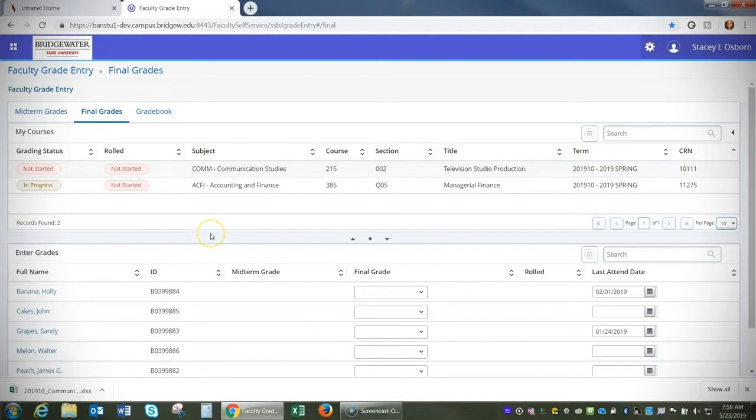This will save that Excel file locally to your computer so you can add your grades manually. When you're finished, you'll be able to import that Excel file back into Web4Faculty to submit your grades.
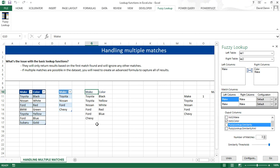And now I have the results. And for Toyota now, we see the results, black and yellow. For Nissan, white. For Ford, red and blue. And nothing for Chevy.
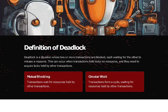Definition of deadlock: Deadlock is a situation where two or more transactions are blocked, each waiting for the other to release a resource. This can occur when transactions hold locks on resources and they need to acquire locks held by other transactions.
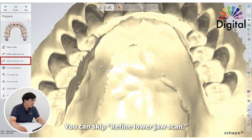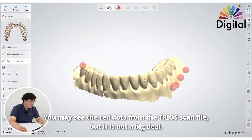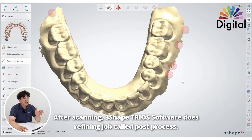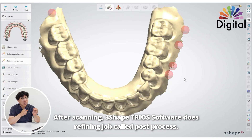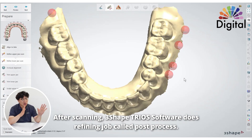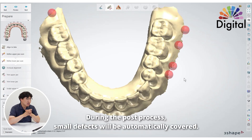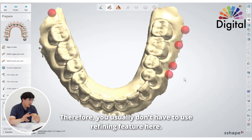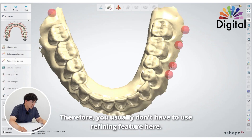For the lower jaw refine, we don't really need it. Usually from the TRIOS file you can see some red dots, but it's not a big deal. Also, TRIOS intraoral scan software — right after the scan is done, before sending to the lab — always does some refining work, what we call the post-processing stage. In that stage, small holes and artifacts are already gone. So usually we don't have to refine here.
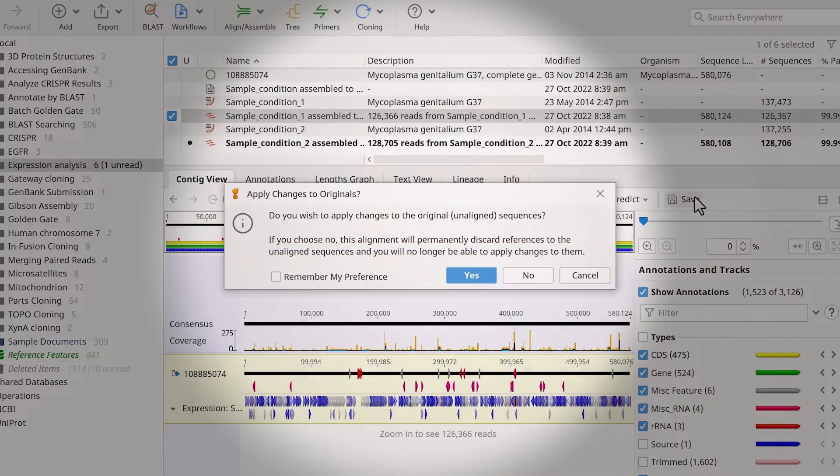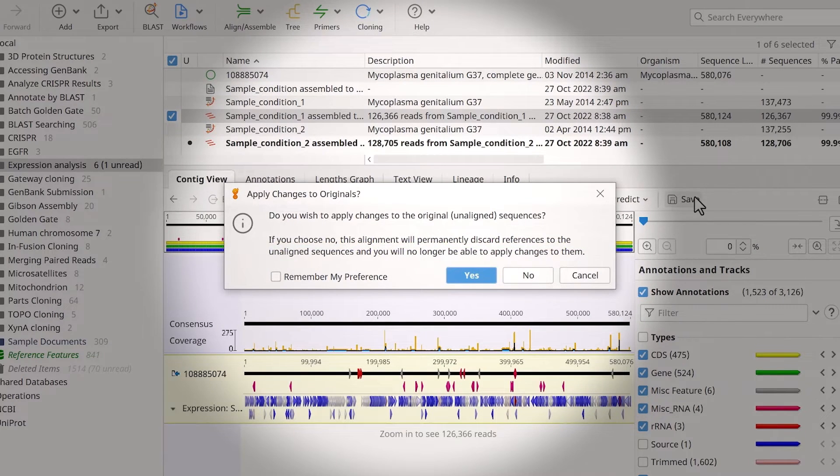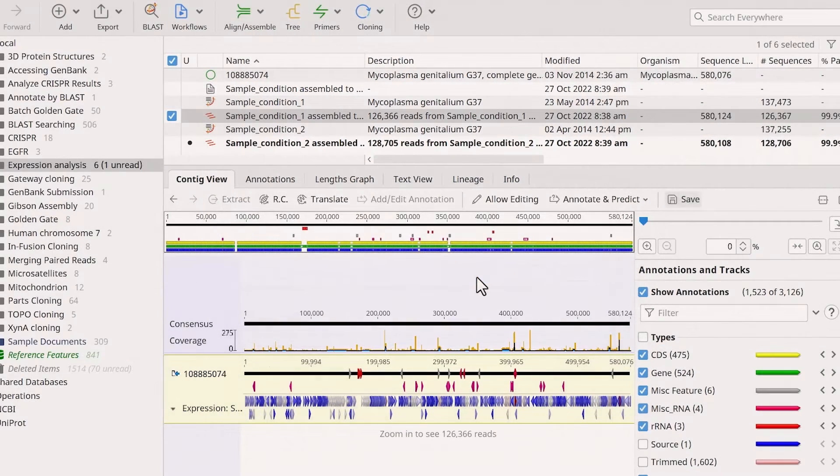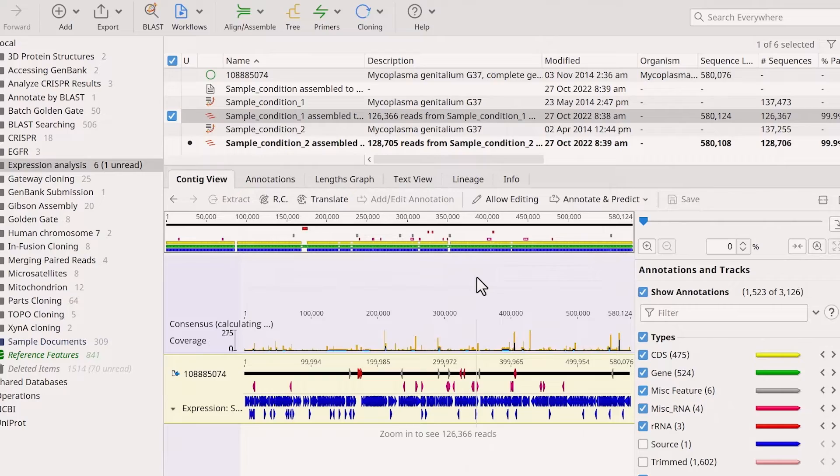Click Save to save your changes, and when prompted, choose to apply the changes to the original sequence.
===============
[The task]:
This exercise calls for the records to be given again exactly, without the images.

[Result of this task]:
This will save that Excel file locally to your computer so you can add your grades manually. When you're finished, you'll be able to import that Excel file back into Web4Faculty to submit your grades.
And now I have the results. And for Toyota now, we see the results, black and yellow. For Nissan, white. For Ford, red and blue. And nothing for Chevy.
Definition of deadlock: Deadlock is a situation where two or more transactions are blocked, each waiting for the other to release a resource. This can occur when transactions hold locks on resources and they need to acquire locks held by other transactions.
For the lower jaw refine, we don't really need it. Usually from the TRIOS file you can see some red dots, but it's not a big deal. Also, TRIOS intraoral scan software — right after the scan is done, before sending to the lab — always does some refining work, what we call the post-processing stage. In that stage, small holes and artifacts are already gone. So usually we don't have to refine here.
Click Save to save your changes, and when prompted, choose to apply the changes to the original sequence.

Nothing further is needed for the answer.